### [What is required]
Return only the lines from the one that contains "Cover of Romantic" through the last line of the records below, exactly as they stand. Pictures are not part of the copy.
Given data: Begin
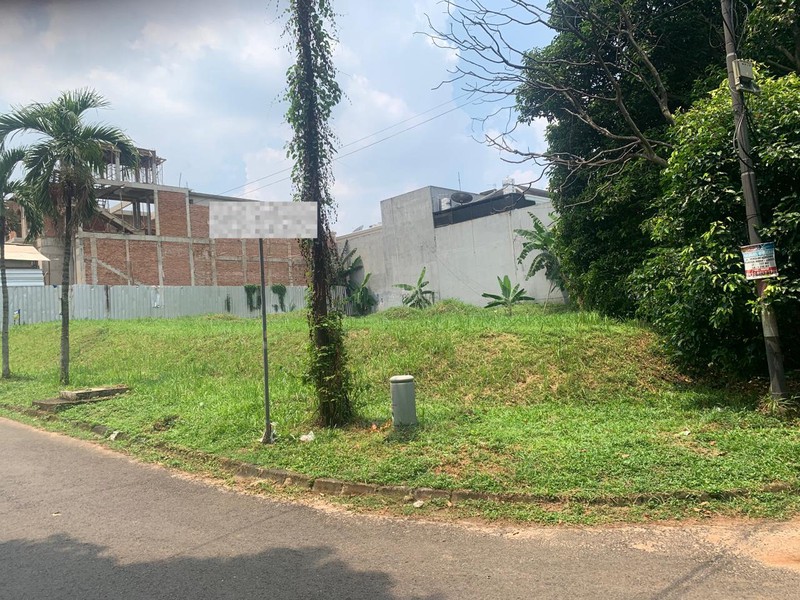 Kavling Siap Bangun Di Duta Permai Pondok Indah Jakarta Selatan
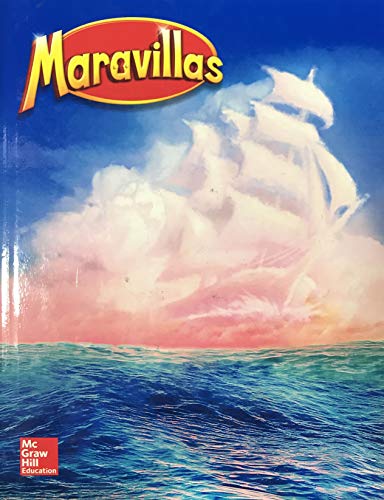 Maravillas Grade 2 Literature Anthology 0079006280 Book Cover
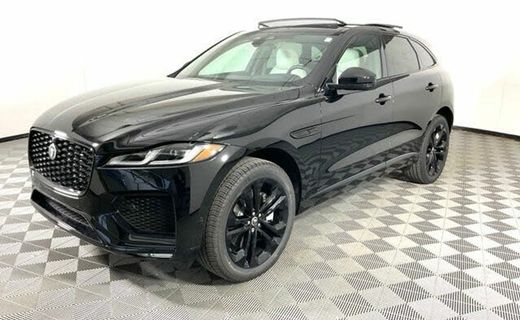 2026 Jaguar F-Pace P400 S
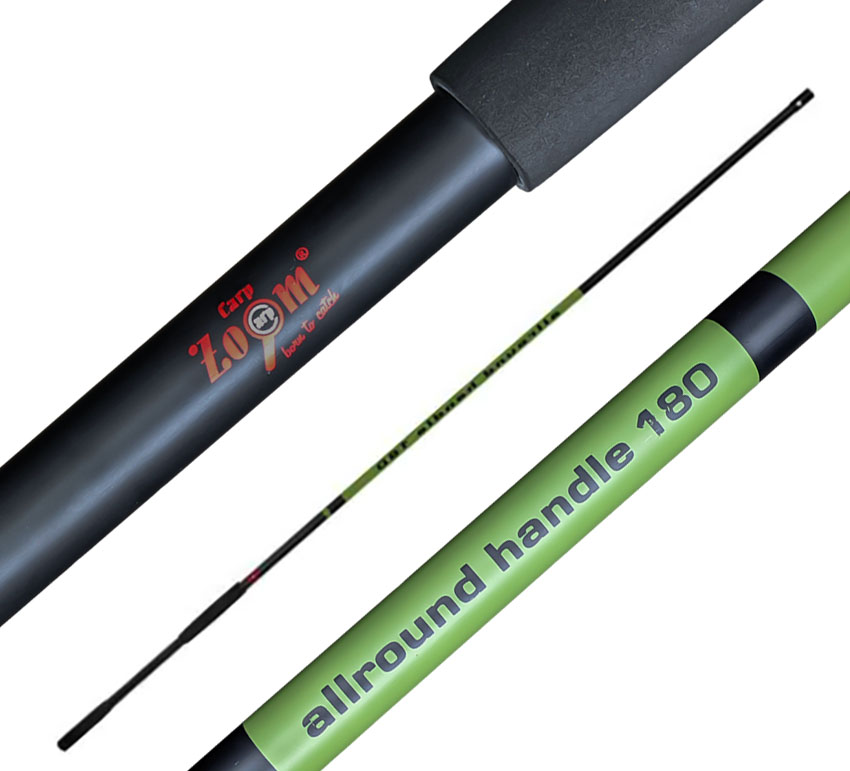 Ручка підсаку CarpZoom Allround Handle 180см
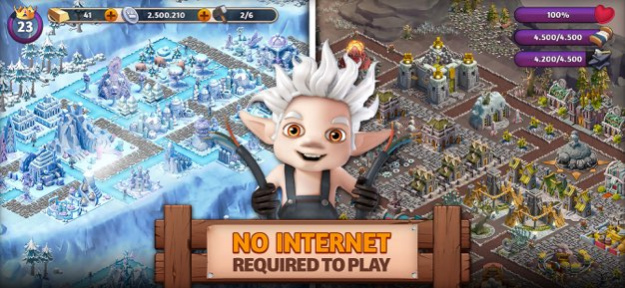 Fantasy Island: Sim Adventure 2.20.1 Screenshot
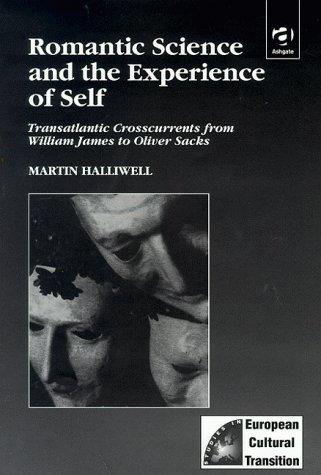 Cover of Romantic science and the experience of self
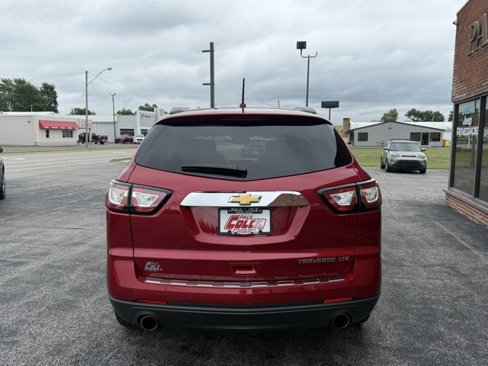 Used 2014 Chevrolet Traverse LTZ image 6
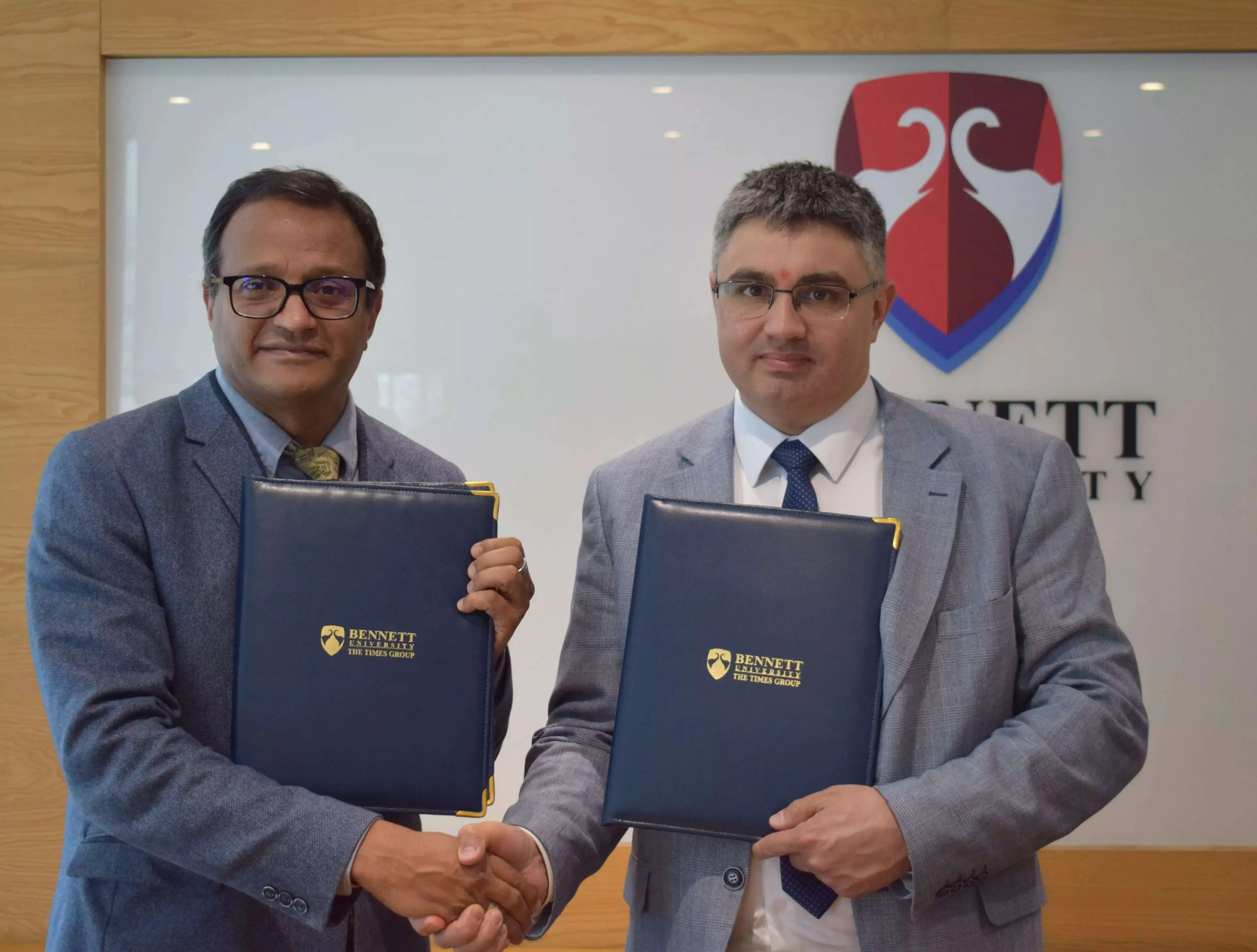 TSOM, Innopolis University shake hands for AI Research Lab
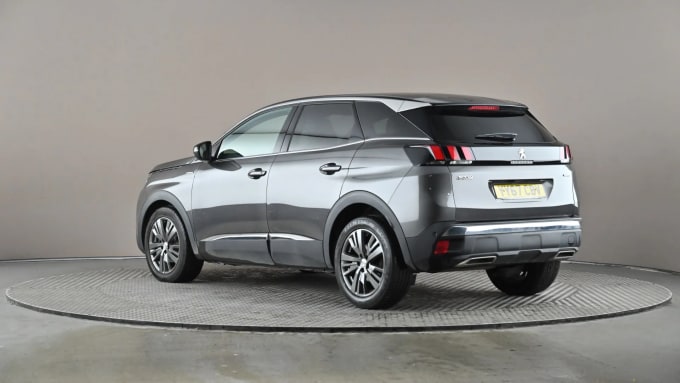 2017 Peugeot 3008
Given data: End
### [Response]
 Cover of Romantic science and the experience of self
 Used 2014 Chevrolet Traverse LTZ image 6
 TSOM, Innopolis University shake hands for AI Research Lab
 2017 Peugeot 3008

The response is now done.